Output the records exactly. Include every line.

Data excerpts

>>

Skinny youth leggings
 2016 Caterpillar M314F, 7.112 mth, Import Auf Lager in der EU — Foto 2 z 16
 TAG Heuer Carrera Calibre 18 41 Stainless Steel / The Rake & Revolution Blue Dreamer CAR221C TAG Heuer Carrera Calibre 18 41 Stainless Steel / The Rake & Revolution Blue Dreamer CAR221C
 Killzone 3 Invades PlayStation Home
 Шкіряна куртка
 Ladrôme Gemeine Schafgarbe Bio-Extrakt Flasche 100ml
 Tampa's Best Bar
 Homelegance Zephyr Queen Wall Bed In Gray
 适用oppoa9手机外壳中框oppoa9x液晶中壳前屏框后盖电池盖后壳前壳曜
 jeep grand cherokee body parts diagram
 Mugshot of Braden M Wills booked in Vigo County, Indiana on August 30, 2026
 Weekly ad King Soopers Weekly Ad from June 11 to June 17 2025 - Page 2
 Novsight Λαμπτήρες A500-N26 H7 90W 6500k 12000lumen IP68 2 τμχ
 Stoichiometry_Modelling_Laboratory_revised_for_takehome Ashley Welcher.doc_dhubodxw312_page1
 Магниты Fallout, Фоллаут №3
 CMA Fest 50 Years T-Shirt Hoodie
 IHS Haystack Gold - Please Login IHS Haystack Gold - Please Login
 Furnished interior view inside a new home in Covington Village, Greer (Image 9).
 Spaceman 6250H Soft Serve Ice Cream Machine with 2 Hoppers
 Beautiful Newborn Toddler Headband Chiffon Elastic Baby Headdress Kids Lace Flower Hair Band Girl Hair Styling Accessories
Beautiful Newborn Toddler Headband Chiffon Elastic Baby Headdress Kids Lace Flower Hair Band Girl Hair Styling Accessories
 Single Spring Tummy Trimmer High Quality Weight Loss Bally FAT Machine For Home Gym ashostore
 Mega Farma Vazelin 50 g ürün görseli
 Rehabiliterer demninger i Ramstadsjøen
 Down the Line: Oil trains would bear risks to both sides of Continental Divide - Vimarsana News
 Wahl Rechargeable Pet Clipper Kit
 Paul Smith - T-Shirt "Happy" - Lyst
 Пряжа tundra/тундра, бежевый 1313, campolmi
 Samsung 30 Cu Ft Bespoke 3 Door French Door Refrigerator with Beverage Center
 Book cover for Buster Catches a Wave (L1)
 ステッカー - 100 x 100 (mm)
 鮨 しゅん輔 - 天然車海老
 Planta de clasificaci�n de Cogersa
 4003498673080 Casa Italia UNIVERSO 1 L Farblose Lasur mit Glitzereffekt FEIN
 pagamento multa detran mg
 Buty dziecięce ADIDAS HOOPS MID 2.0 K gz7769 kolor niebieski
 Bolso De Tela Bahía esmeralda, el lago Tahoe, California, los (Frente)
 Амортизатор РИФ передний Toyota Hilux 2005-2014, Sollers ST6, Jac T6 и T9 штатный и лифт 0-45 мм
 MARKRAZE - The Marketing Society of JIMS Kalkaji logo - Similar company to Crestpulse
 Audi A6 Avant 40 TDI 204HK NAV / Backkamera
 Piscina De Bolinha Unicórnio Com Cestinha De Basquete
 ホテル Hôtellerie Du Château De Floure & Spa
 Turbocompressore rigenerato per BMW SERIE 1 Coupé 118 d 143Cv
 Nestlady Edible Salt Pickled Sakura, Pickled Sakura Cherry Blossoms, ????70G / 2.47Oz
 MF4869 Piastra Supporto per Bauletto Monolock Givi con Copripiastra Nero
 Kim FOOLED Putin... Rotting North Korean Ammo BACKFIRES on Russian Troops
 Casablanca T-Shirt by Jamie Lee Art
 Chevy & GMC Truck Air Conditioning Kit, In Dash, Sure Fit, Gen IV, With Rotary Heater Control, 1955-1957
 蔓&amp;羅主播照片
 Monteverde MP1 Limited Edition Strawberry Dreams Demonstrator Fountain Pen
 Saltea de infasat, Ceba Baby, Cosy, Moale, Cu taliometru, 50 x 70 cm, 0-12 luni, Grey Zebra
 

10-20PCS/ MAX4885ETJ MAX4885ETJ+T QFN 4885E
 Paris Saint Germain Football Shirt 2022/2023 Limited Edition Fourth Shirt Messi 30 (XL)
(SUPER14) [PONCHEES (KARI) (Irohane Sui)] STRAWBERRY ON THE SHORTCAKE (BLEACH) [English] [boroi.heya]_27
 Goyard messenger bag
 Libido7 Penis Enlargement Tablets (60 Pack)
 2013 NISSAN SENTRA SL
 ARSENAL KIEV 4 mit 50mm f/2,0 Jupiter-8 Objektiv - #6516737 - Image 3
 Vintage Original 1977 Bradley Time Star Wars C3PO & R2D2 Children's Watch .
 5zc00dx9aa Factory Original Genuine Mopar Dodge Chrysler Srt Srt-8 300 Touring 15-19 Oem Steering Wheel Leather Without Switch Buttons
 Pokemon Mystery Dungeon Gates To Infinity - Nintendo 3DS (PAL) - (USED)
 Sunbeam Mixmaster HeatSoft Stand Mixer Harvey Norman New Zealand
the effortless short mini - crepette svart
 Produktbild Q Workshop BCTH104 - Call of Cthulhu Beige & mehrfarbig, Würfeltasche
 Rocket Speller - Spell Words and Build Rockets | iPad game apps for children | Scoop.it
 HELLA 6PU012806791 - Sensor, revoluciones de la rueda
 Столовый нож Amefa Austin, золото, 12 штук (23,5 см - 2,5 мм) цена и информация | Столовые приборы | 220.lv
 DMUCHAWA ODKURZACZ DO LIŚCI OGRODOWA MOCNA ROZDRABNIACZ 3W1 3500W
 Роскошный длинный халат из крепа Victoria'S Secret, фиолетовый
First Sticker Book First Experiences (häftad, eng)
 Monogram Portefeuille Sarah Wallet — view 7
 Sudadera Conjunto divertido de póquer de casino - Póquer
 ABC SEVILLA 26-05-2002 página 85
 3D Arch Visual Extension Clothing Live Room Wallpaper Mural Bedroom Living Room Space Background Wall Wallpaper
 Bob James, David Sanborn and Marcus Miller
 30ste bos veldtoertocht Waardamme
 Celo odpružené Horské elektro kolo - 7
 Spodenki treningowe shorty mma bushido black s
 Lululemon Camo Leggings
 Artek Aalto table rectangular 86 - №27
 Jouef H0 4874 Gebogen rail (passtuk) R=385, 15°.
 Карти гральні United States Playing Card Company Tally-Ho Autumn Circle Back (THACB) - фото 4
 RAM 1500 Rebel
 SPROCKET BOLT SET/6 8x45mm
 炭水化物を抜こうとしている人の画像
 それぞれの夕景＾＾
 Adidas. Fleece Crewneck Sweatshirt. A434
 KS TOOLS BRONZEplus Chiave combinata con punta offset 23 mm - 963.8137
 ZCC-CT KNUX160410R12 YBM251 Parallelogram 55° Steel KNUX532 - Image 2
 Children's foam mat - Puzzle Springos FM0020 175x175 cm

<<

Solution to the problem ->
Skinny youth leggings
 2016 Caterpillar M314F, 7.112 mth, Import Auf Lager in der EU — Foto 2 z 16
 TAG Heuer Carrera Calibre 18 41 Stainless Steel / The Rake & Revolution Blue Dreamer CAR221C TAG Heuer Carrera Calibre 18 41 Stainless Steel / The Rake & Revolution Blue Dreamer CAR221C
 Killzone 3 Invades PlayStation Home
 Шкіряна куртка
 Ladrôme Gemeine Schafgarbe Bio-Extrakt Flasche 100ml
 Tampa's Best Bar
 Homelegance Zephyr Queen Wall Bed In Gray
 适用oppoa9手机外壳中框oppoa9x液晶中壳前屏框后盖电池盖后壳前壳曜
 jeep grand cherokee body parts diagram
 Mugshot of Braden M Wills booked in Vigo County, Indiana on August 30, 2026
 Weekly ad King Soopers Weekly Ad from June 11 to June 17 2025 - Page 2
 Novsight Λαμπτήρες A500-N26 H7 90W 6500k 12000lumen IP68 2 τμχ
 Stoichiometry_Modelling_Laboratory_revised_for_takehome Ashley Welcher.doc_dhubodxw312_page1
 Магниты Fallout, Фоллаут №3
 CMA Fest 50 Years T-Shirt Hoodie
 IHS Haystack Gold - Please Login IHS Haystack Gold - Please Login
 Furnished interior view inside a new home in Covington Village, Greer (Image 9).
 Spaceman 6250H Soft Serve Ice Cream Machine with 2 Hoppers
 Beautiful Newborn Toddler Headband Chiffon Elastic Baby Headdress Kids Lace Flower Hair Band Girl Hair Styling Accessories
Beautiful Newborn Toddler Headband Chiffon Elastic Baby Headdress Kids Lace Flower Hair Band Girl Hair Styling Accessories
 Single Spring Tummy Trimmer High Quality Weight Loss Bally FAT Machine For Home Gym ashostore
 Mega Farma Vazelin 50 g ürün görseli
 Rehabiliterer demninger i Ramstadsjøen
 Down the Line: Oil trains would bear risks to both sides of Continental Divide - Vimarsana News
 Wahl Rechargeable Pet Clipper Kit
 Paul Smith - T-Shirt "Happy" - Lyst
 Пряжа tundra/тундра, бежевый 1313, campolmi
 Samsung 30 Cu Ft Bespoke 3 Door French Door Refrigerator with Beverage Center
 Book cover for Buster Catches a Wave (L1)
 ステッカー - 100 x 100 (mm)
 鮨 しゅん輔 - 天然車海老
 Planta de clasificaci�n de Cogersa
 4003498673080 Casa Italia UNIVERSO 1 L Farblose Lasur mit Glitzereffekt FEIN
 pagamento multa detran mg
 Buty dziecięce ADIDAS HOOPS MID 2.0 K gz7769 kolor niebieski
 Bolso De Tela Bahía esmeralda, el lago Tahoe, California, los (Frente)
 Амортизатор РИФ передний Toyota Hilux 2005-2014, Sollers ST6, Jac T6 и T9 штатный и лифт 0-45 мм
 MARKRAZE - The Marketing Society of JIMS Kalkaji logo - Similar company to Crestpulse
 Audi A6 Avant 40 TDI 204HK NAV / Backkamera
 Piscina De Bolinha Unicórnio Com Cestinha De Basquete
 ホテル Hôtellerie Du Château De Floure & Spa
 Turbocompressore rigenerato per BMW SERIE 1 Coupé 118 d 143Cv
 Nestlady Edible Salt Pickled Sakura, Pickled Sakura Cherry Blossoms, ????70G / 2.47Oz
 MF4869 Piastra Supporto per Bauletto Monolock Givi con Copripiastra Nero
 Kim FOOLED Putin... Rotting North Korean Ammo BACKFIRES on Russian Troops
 Casablanca T-Shirt by Jamie Lee Art
 Chevy & GMC Truck Air Conditioning Kit, In Dash, Sure Fit, Gen IV, With Rotary Heater Control, 1955-1957
 蔓&amp;羅主播照片
 Monteverde MP1 Limited Edition Strawberry Dreams Demonstrator Fountain Pen
 Saltea de infasat, Ceba Baby, Cosy, Moale, Cu taliometru, 50 x 70 cm, 0-12 luni, Grey Zebra
 

10-20PCS/ MAX4885ETJ MAX4885ETJ+T QFN 4885E
 Paris Saint Germain Football Shirt 2022/2023 Limited Edition Fourth Shirt Messi 30 (XL)
(SUPER14) [PONCHEES (KARI) (Irohane Sui)] STRAWBERRY ON THE SHORTCAKE (BLEACH) [English] [boroi.heya]_27
 Goyard messenger bag
 Libido7 Penis Enlargement Tablets (60 Pack)
 2013 NISSAN SENTRA SL
 ARSENAL KIEV 4 mit 50mm f/2,0 Jupiter-8 Objektiv - #6516737 - Image 3
 Vintage Original 1977 Bradley Time Star Wars C3PO & R2D2 Children's Watch .
 5zc00dx9aa Factory Original Genuine Mopar Dodge Chrysler Srt Srt-8 300 Touring 15-19 Oem Steering Wheel Leather Without Switch Buttons
 Pokemon Mystery Dungeon Gates To Infinity - Nintendo 3DS (PAL) - (USED)
 Sunbeam Mixmaster HeatSoft Stand Mixer Harvey Norman New Zealand
the effortless short mini - crepette svart
 Produktbild Q Workshop BCTH104 - Call of Cthulhu Beige & mehrfarbig, Würfeltasche
 Rocket Speller - Spell Words and Build Rockets | iPad game apps for children | Scoop.it
 HELLA 6PU012806791 - Sensor, revoluciones de la rueda
 Столовый нож Amefa Austin, золото, 12 штук (23,5 см - 2,5 мм) цена и информация | Столовые приборы | 220.lv
 DMUCHAWA ODKURZACZ DO LIŚCI OGRODOWA MOCNA ROZDRABNIACZ 3W1 3500W
 Роскошный длинный халат из крепа Victoria'S Secret, фиолетовый
First Sticker Book First Experiences (häftad, eng)
 Monogram Portefeuille Sarah Wallet — view 7
 Sudadera Conjunto divertido de póquer de casino - Póquer
 ABC SEVILLA 26-05-2002 página 85
 3D Arch Visual Extension Clothing Live Room Wallpaper Mural Bedroom Living Room Space Background Wall Wallpaper
 Bob James, David Sanborn and Marcus Miller
 30ste bos veldtoertocht Waardamme
 Celo odpružené Horské elektro kolo - 7
 Spodenki treningowe shorty mma bushido black s
 Lululemon Camo Leggings
 Artek Aalto table rectangular 86 - №27
 Jouef H0 4874 Gebogen rail (passtuk) R=385, 15°.
 Карти гральні United States Playing Card Company Tally-Ho Autumn Circle Back (THACB) - фото 4
 RAM 1500 Rebel
 SPROCKET BOLT SET/6 8x45mm
 炭水化物を抜こうとしている人の画像
 それぞれの夕景＾＾
 Adidas. Fleece Crewneck Sweatshirt. A434
 KS TOOLS BRONZEplus Chiave combinata con punta offset 23 mm - 963.8137
 ZCC-CT KNUX160410R12 YBM251 Parallelogram 55° Steel KNUX532 - Image 2
 Children's foam mat - Puzzle Springos FM0020 175x175 cm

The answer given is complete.